▶ _Entries shown_
*-*-*

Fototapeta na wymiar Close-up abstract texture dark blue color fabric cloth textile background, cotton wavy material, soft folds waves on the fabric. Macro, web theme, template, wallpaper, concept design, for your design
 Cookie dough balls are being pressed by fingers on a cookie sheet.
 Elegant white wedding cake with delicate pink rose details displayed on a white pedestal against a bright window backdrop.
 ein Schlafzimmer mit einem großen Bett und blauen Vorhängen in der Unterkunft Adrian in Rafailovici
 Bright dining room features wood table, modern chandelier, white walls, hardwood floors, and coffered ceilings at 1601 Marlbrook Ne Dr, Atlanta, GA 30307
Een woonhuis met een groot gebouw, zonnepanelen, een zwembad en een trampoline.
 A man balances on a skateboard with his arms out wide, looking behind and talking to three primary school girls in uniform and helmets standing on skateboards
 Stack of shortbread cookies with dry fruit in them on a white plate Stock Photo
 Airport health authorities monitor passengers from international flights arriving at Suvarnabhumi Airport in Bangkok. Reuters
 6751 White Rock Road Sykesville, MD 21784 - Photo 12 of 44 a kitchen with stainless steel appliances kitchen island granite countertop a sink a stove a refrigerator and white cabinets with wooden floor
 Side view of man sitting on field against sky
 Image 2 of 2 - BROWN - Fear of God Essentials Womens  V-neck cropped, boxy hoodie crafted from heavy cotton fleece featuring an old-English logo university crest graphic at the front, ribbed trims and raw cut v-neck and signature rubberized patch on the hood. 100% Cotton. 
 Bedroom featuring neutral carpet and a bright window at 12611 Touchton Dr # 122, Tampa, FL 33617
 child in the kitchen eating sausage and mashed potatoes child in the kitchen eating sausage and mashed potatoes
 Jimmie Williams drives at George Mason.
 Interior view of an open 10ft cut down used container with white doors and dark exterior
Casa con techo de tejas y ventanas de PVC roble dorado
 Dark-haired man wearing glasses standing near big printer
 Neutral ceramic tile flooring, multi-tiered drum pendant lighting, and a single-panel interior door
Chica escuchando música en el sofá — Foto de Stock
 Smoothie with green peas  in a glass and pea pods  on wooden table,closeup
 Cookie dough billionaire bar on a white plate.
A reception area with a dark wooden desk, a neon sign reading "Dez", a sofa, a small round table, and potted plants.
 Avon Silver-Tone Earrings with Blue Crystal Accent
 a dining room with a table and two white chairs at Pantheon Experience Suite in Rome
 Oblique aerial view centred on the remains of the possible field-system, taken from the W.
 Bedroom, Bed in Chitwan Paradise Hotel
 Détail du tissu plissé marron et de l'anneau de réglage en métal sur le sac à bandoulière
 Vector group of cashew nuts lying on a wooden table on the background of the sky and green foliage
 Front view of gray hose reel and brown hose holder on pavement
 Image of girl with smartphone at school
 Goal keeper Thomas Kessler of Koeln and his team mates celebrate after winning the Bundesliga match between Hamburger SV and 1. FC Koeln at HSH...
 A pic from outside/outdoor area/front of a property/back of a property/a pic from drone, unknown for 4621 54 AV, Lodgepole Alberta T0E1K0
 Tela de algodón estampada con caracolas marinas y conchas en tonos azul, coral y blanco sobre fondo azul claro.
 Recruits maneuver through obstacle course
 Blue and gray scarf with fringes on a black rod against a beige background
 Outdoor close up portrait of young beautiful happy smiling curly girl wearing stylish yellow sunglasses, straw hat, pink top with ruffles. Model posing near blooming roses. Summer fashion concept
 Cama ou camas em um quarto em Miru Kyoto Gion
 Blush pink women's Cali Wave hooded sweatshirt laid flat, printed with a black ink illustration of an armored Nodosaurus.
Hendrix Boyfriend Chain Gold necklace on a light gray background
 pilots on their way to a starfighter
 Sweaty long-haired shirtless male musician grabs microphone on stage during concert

*-*-*

Scan the records above for the lines holding "Bright dining room" and "Een woonhuis met". Transcribe those two and every line between them word for word, and no others.

 Bright dining room features wood table, modern chandelier, white walls, hardwood floors, and coffered ceilings at 1601 Marlbrook Ne Dr, Atlanta, GA 30307
Een woonhuis met een groot gebouw, zonnepanelen, een zwembad en een trampoline.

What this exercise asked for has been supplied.